Nothing
#' Collect Cross-Section Google Trends Data
#'
#' This function uses the 'pytrends.interest_by_region()' function available in 'pytrends' Python library to collect cross-section Google Trends data and automatically store it in the specified directory.
#'
#' @param params A list containing parameters including keyword, topic, folder_name, start_date, end_date, and data_format.
#' @param geo Country/Region to collect data from. Defaults to Worldwide if empty.
#' @param resolution Resolution is a sub-region of the region selected for 'geo' ('COUNTRY', 'REGION', 'CITY', 'DMA').

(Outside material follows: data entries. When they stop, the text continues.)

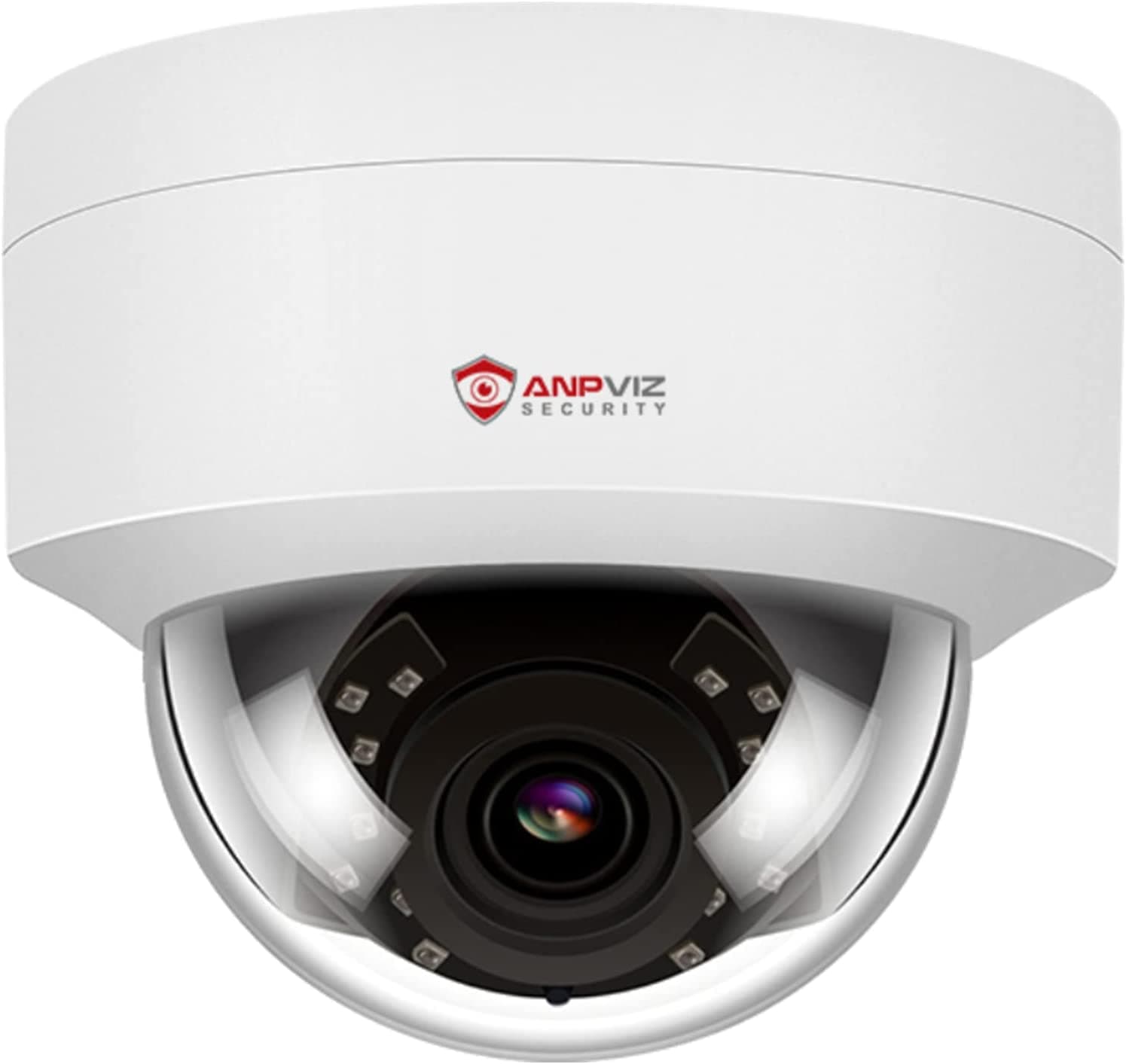 Anpviz 4MP PoE IP Dome Camera with Audio/Mic, IP Security Camera Outdoor Indoor, IR Night Vision, IP66 Waterproof, 2.8mm Lens, 24/7 Recording, Not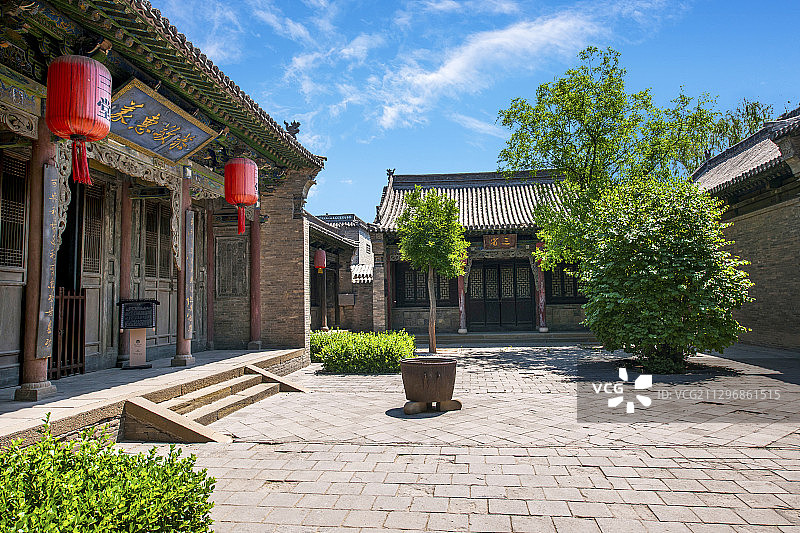 山西省晋中市榆次老城榆次县衙二、三、四、五堂庭院图片素材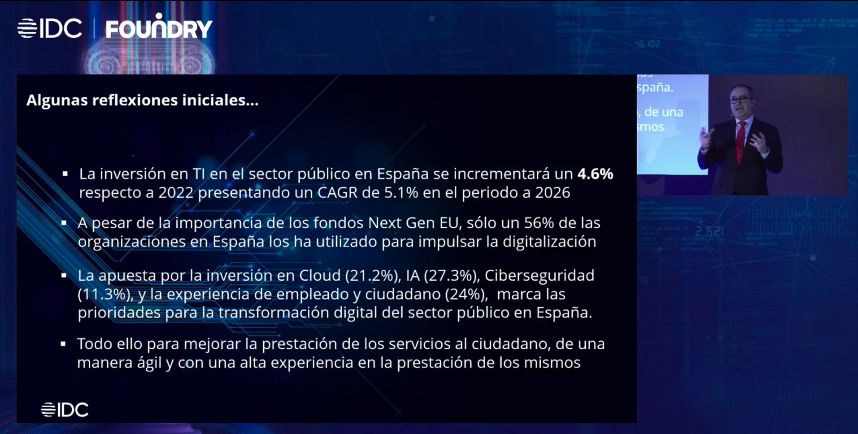 <a href="/jcano/">José Antonio Cano</a>: "El intercambio de datos entre el sector público con organizaciones del sector privado puede abrir oportunidades para descubrir nuevas perspectivas, especialmente en proyectos básicos de servicio público". #Gov23 #AAPP #eAdmon #eGoverment <a href="/IDCSpain/">IDC | Spain</a>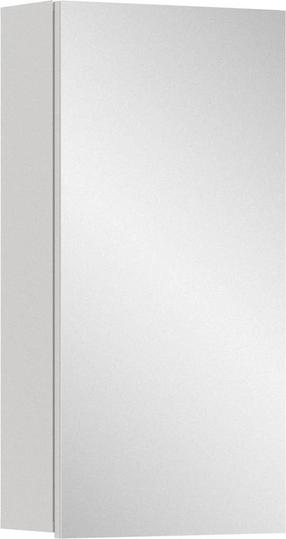 Pakabinama vonios spintelė su veidrodžiu MC Akcent Vira, balta, 18 cm x 38 cm x 77 cm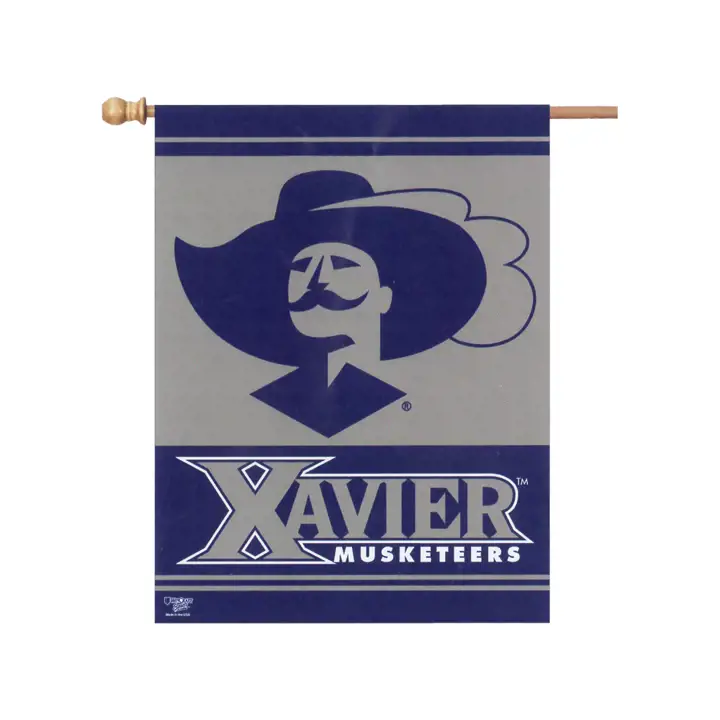 Drapeau vertical des SAINTS SB XLIV bleu/gris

Defaults to 'COUNTRY'.
#' @details
#' This function collects Google Trends data based on the specified parameters and saves it in the following structure:
#' \code{folder_name/data_format/by_region}.
#' Each file contains data for a specific time period (day/week/month) and geographical region.
#' The filenames include the start and end dates of the data period.
#'
#' PS: This method may take a long time to complete due to Google Trends API rate limits.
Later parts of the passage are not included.